== Exercise details ==
Once the pictures are set aside, transcribe each line of the data exactly.

Stored items:
──────────────────────────────

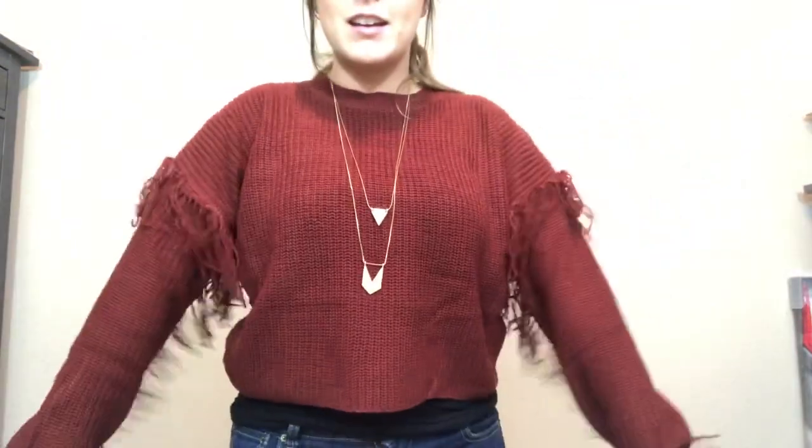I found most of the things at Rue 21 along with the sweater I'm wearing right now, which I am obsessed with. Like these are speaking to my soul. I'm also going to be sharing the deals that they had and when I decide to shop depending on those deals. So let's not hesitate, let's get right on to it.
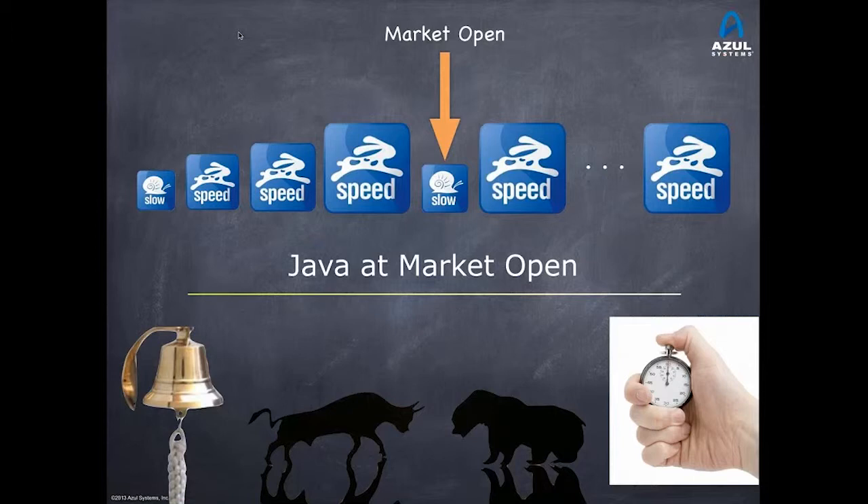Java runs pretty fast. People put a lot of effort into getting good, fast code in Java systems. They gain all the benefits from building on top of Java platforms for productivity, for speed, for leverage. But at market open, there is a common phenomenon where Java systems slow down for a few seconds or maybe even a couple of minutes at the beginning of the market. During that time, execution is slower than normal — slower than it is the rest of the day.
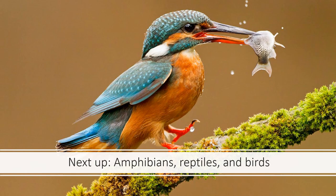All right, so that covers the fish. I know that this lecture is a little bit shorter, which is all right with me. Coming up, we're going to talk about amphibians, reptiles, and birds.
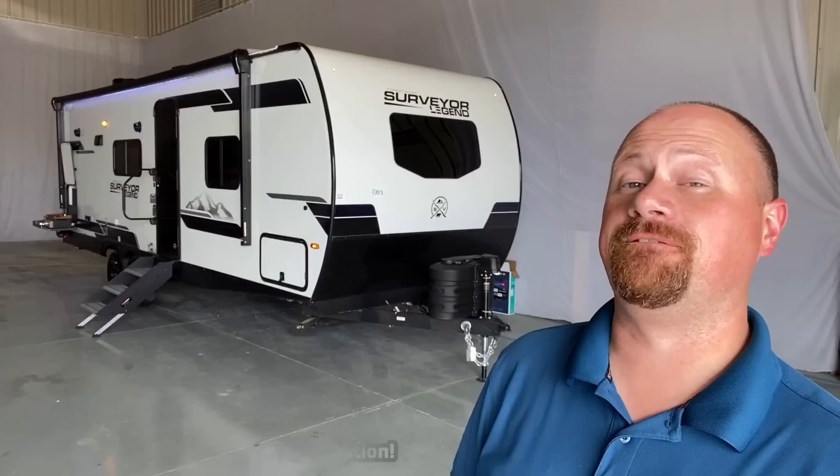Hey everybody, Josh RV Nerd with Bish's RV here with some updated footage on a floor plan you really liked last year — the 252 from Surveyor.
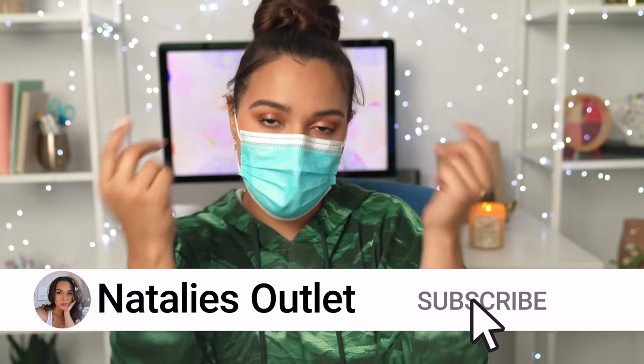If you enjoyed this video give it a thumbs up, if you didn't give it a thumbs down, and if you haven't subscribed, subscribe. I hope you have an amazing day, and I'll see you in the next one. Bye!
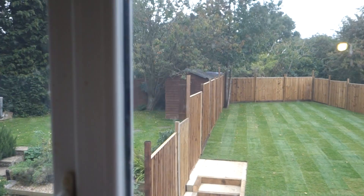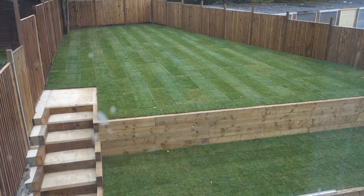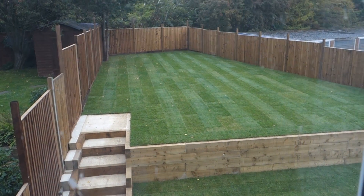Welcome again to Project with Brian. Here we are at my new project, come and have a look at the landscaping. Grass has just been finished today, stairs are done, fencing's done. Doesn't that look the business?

──────────────────────────────

== Output of the exercise ==
I found most of the things at Rue 21 along with the sweater I'm wearing right now, which I am obsessed with. Like these are speaking to my soul. I'm also going to be sharing the deals that they had and when I decide to shop depending on those deals. So let's not hesitate, let's get right on to it.
Java runs pretty fast. People put a lot of effort into getting good, fast code in Java systems. They gain all the benefits from building on top of Java platforms for productivity, for speed, for leverage. But at market open, there is a common phenomenon where Java systems slow down for a few seconds or maybe even a couple of minutes at the beginning of the market. During that time, execution is slower than normal — slower than it is the rest of the day.
All right, so that covers the fish. I know that this lecture is a little bit shorter, which is all right with me. Coming up, we're going to talk about amphibians, reptiles, and birds.
Hey everybody, Josh RV Nerd with Bish's RV here with some updated footage on a floor plan you really liked last year — the 252 from Surveyor.
If you enjoyed this video give it a thumbs up, if you didn't give it a thumbs down, and if you haven't subscribed, subscribe. I hope you have an amazing day, and I'll see you in the next one. Bye!
Welcome again to Project with Brian. Here we are at my new project, come and have a look at the landscaping. Grass has just been finished today, stairs are done, fencing's done. Doesn't that look the business?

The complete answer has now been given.